I have an X47 on the bow of my PT175, and while it's a good product, I have problems seeing the numbers while seated on the front pedastal, even with my bifocals. I put a Humminbird 525 Fishfinder on the bow (tm mounted transducer) of my 16' jon, and I like it better than the X47. Larger numbers to see. It's also under $200 :wink:


----------



## Jim (Jan 10, 2008)

Eagle 320 on sale

Eagle 480 on sale

I would go with the 480 (more pixels)


----------



## redbug (Jan 10, 2008)

Yes it is worth adding a depth finder on the front deck.
before you go cheap here are a few things to think about before you buy.
First ask yourself what you are using it for:
locating offshore structure?
finding weed beds?
or just a depth reading

if it is just for a depth reading then you can and should go with a cheaper unit.
if you plan on using it to locate fish or the other things mentioned you may want a better unit


The important thing on a depth finder is vertical pixels.. the higher the number the more detail you will get out of the unit.

example...
if your unit has 100 vertical pixels and you are in 100ft of water each pixel will equal one ft


if your unit has 480 vertical pixels and you are in 100ft of water it works out to almost 5 pixels per ft or 5 times more detail.

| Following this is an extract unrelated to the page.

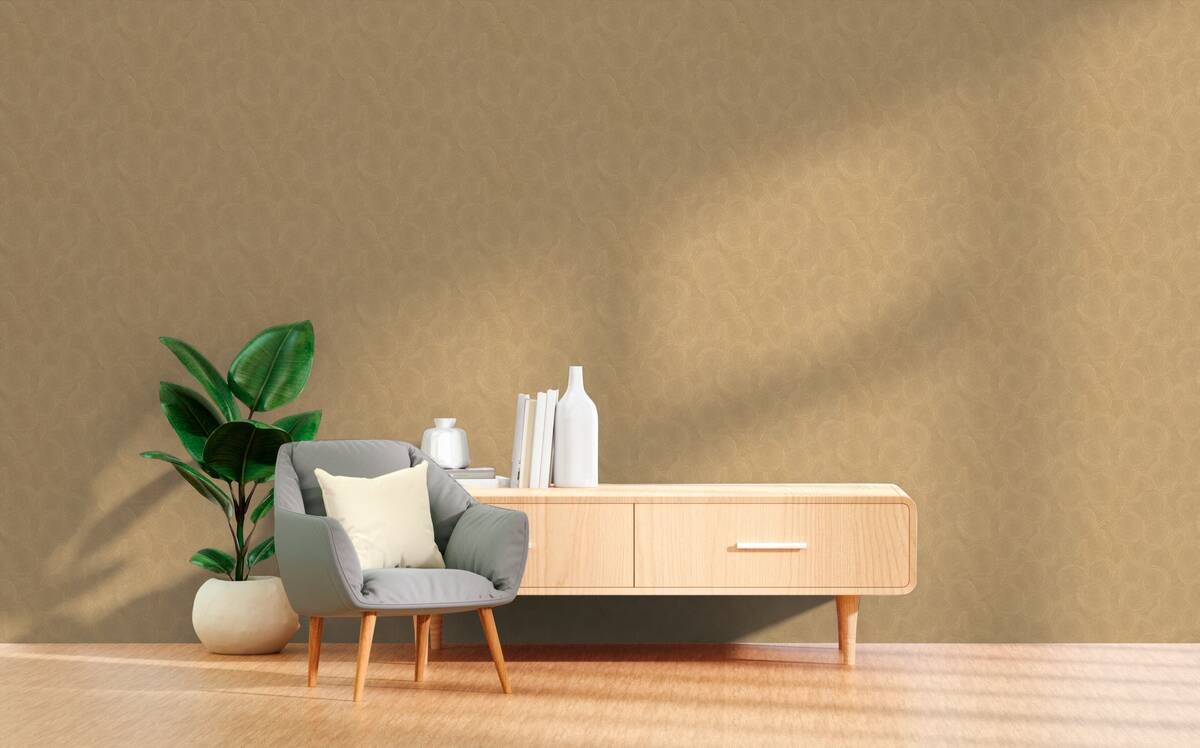 A.S.Creation Vliestapete gelb braun B/H/D: ca. 53x1005x8,8 cm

the horizontal pixels are just the bottom and other things you have passed over 


if you do a lot of off shore fishing I would put the better unit up front so you can see it while on the trolling motor 

I'm a big fan of lowrance and would recomend them 
look around to find the unit you want and contact Chuck Warren at nationwide tackle he gets these units at a great price
heres a link
https://www.nationwidetackle.com/index.php?ref=157&affiliate_banner_id=5


Wayne
any questions feel free to ask


----------



## shamoo (Jan 11, 2008)

like redbug said, lowrance is a good choice to lean towards, however, Eagle has a fishmark 480,(480x480 pixels) for 199.99.


----------



## Captain Ahab (Jan 11, 2008)

Eagle and Lowrance are the same company and the Lowrance company was recently bought out by Simrad, so I guess Simrad owns both Eagle and Lowrance now.


----------



## bassboy1 (Jan 11, 2008)

As mentioned, Eagle is Lowrances lower price selection. The 320, and 480 are great units. I have one of each, and until I can afford side imaging (yeah it looks cool in Jim's thing on the homepage, but wait till you see it in use, in person!) they will be what I use, and buy more of. (I have a problem with the swap and sell forums on some of the big boards - eeeek!)


----------